In terms of equity, these higher education systems are not as restrictive as Type 1 systems. However, since HEIs are allowed to apply additional criteria when enrolling students, they will seek efficient ways to do so, which means they will most likely focus on scholastic achievement as the main criterion, thus indirectly limiting the chances for students from lower socio-economic backgrounds.

But even in this case, as the secondary school exit examination does not solely perform the role of entry criteria, higher education institutions are able to admit more mature students.Footnote 6 The figure below shows the degree to which older students are welcome within the system. This is done by measuring the percentage of total Bachelors enrolled by country and cross-tabulating with the level of autonomy the HEIs possess in organising admissions. A high value indicates a higher percentage of mature students in the student body. As the difference between type 4 (double selection)/type 2 (selection by HEIs) and type 1 (selection by schools)/type 3 (least selection) is the level of autonomy HEIs have in selecting with additional criteria, it appears that this is an important factor in terms of access of older students (Fig. 3).

Fig. 3
figure 3

Source Orr et al. (2017a)

Mature students (30 years or older) as percentage of student population at Bachelor level by admission type, 2014.

Looking at the qualitative data regarding the impact of HEIs autonomy on equity, the case studies showed that social inclusion does not score high amongst institutions’ priorities. With the typology developed, where HEIs autonomy plays a significant role in the admission process, this translates into perpetuating inequality. Where HEIs can further select their students, they will aim for a meritocratic approach, looking mostly at scholastic results rather than looking beyond, and selecting more students from lower socio-economic backgrounds.

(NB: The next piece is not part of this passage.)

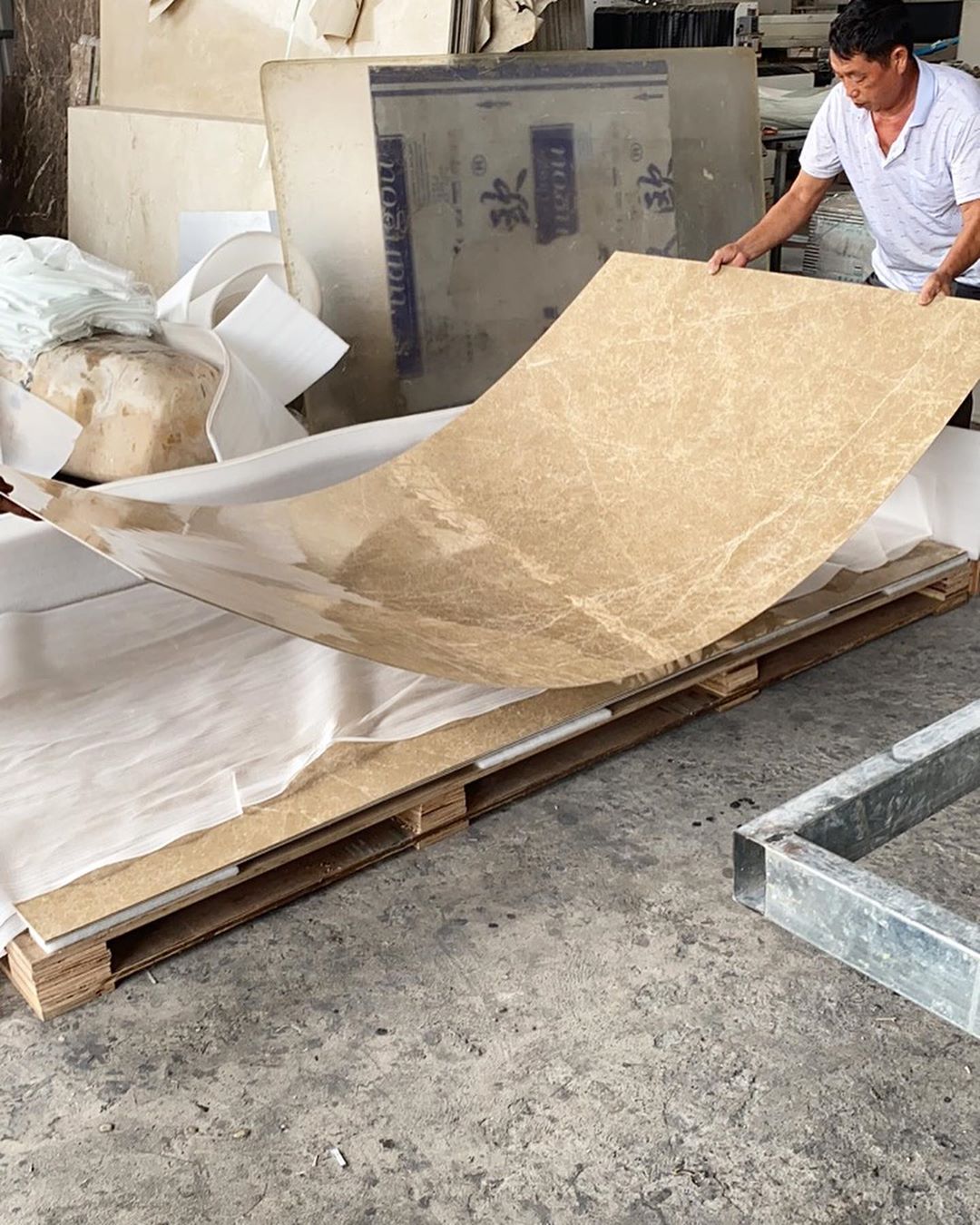 ultra thin marble slabs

Irrespective of existing autonomy at admission level, HEIs benefit from instruments that allow them to manage student pathways—before, during and after admission. Before admission, HEIs can actively promote their study programmes in schools as part of information and counselling. They can additionally target specific groups of students—by promoting positive discrimination for underrepresented students (i.e. specific study places for Roma students in Romania or places specifically for students attending high schools in economically disadvantaged neighbourhoods for one HEI in France). At entry level, individual initiatives are implemented, but the Netherlands has introduced the “Study Choice Check”, an innovative approach through which students can test if they are a good fit with the desired study programme either by direct interviews, online testing or spending a day at the institution and performing academic student activities. This results in a recommendation from the HEI on the prospective match between the student and the study programme; while not mandatory, this can provide better insights for prospective students. After admission, some HEIs implement tools to make the transition phase easier for students—such as mentoring and buddy systems or preparatory courses.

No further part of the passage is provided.